同僚がうつ病傾向にある場合、いつも以上に言葉をネガティブにとらえる危険性があります。

特に避けた方が良いNGワードと、うつ病の人の捉え方の一例をご紹介します。

「頑張れ!」⇔「今までの頑張りでは足りないぞ!」

「気にしない方がいいよ」⇔「こんなこと気にするあなたがダメ」

「ポジティブに考えなよ」⇔「ネガティブ思考だからダメ」

「誰にでもあるよ」⇔「あなただけがつまずいている」

「大したことじゃないよ」⇔「あなただけが大げさに騒いでいる」

これらのワードに共通するのは、励ますつもりで、うつ病の人の「今」を否定していることです。

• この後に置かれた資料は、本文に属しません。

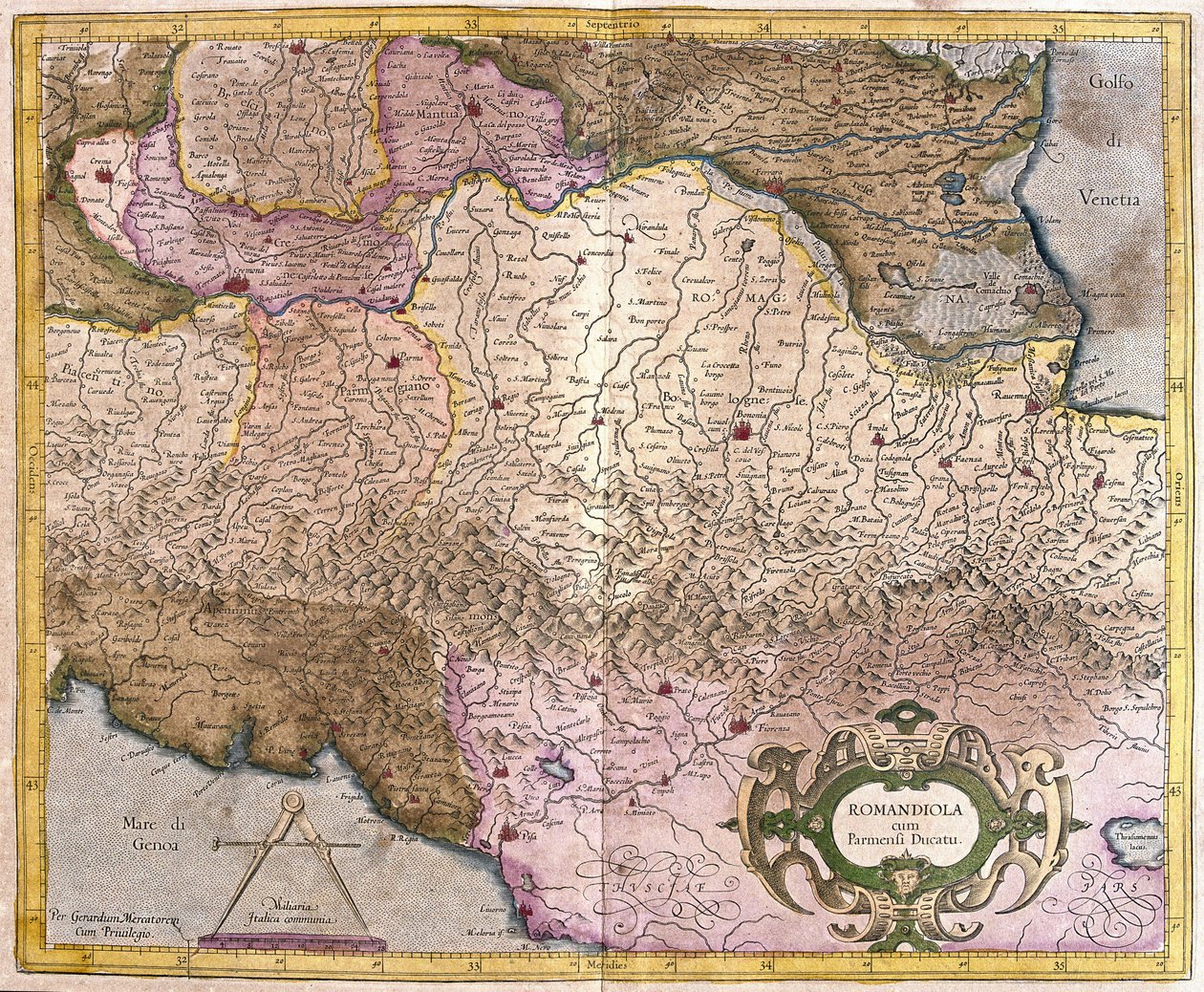 Romaña con Parma, Italia de Gerardus Mercator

うつ病の人は今の状態を維持することで精一杯。「今」のつらい考えや気持ちを否定されたり、変化するよう促されたりすると苦しくなってしまいます。

「頑張っているね」「大丈夫だよ」など「今」を肯定する言葉かけができると良いですね。

気持ちを傾聴しよう

励ましよりも大切なのは、彼らの話に真摯に耳を傾ける「傾聴」です。「頑張ってきたんだね」「そんなことを考えていたんだ」と、ただ受け止めてあげましょう。

しかし、語られる内容によっては、思わず言い返したくなったり、眉をひそめたくなったりすることもあります。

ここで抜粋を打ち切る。